◆ **SUPPLIED ENTRIES**:
----
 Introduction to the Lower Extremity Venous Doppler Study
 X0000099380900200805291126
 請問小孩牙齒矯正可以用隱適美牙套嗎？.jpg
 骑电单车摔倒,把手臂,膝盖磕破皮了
----
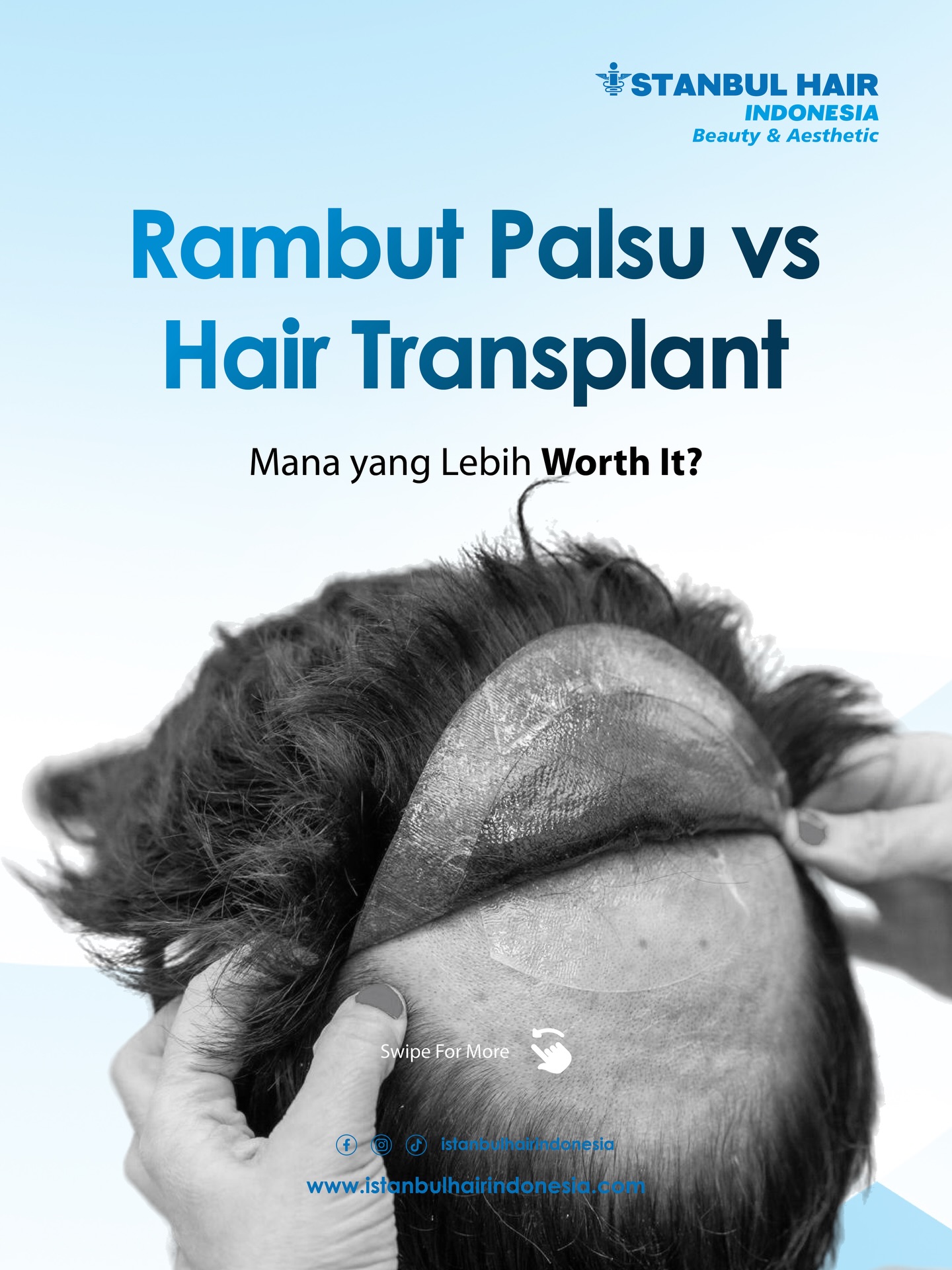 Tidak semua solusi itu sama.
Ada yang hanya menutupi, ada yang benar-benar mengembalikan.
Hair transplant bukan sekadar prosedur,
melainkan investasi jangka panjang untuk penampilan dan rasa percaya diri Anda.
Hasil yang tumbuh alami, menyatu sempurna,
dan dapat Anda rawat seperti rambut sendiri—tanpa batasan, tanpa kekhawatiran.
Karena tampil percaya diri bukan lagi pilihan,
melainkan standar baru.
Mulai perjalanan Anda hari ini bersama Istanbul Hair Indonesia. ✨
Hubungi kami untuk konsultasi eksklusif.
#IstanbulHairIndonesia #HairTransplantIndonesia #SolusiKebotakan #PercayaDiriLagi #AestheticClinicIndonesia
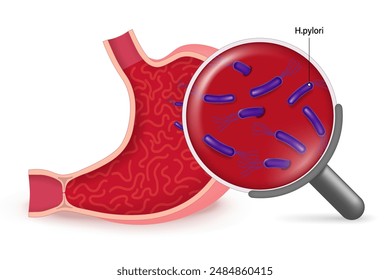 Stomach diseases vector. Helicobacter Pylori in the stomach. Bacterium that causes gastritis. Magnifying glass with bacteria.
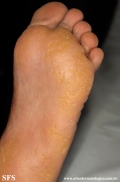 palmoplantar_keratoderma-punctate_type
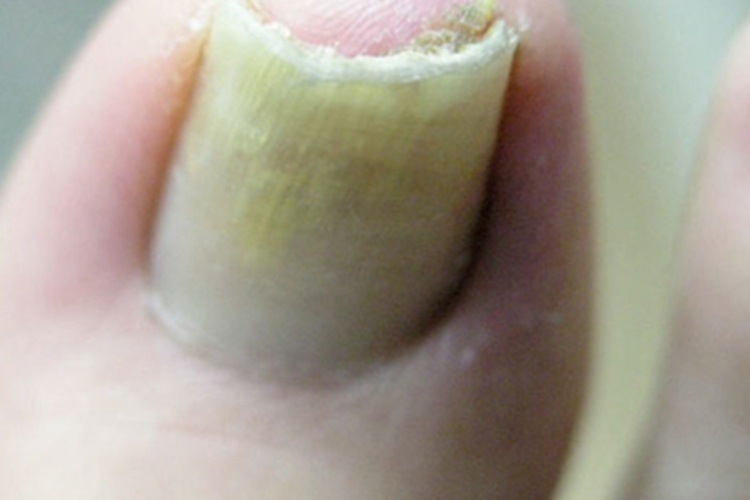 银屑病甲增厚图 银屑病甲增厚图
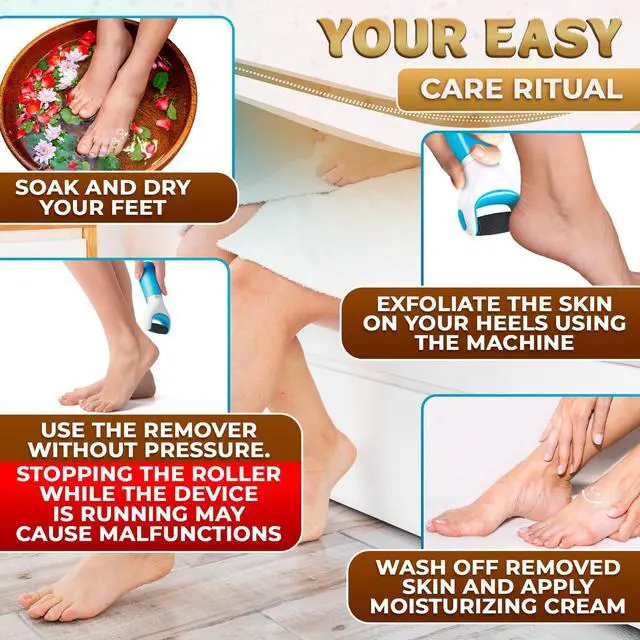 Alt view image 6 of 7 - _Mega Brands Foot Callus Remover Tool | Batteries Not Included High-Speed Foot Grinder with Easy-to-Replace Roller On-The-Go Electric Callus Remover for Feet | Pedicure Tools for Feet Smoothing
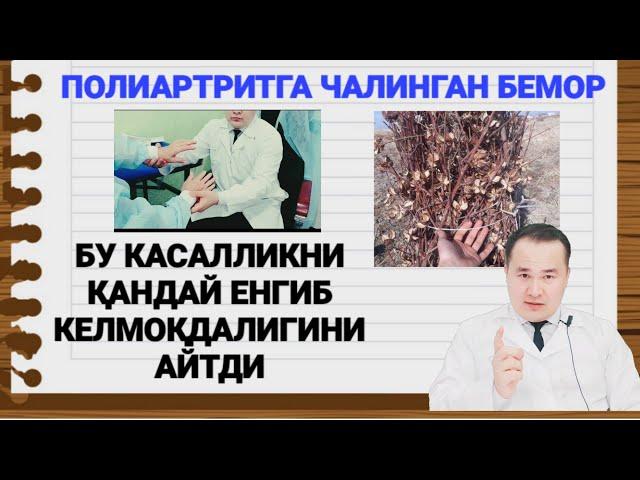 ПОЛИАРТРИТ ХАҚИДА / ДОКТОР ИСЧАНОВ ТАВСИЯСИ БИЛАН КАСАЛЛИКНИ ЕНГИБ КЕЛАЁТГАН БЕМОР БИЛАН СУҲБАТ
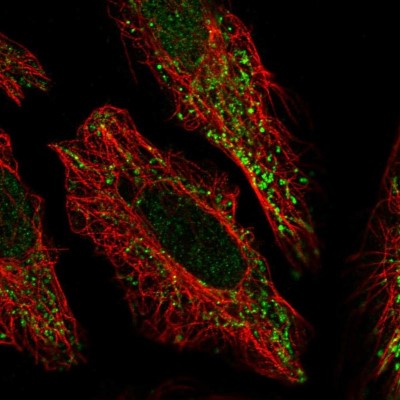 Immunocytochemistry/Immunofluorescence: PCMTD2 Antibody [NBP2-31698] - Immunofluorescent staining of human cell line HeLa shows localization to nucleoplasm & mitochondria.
----
◆ **EXERCISE DETAILS**: The answer is each line from the entries above in which the word "untuk" occurs.

◆ **RESPONSE BELOW**:
melainkan investasi jangka panjang untuk penampilan dan rasa percaya diri Anda.
Hubungi kami untuk konsultasi eksklusif.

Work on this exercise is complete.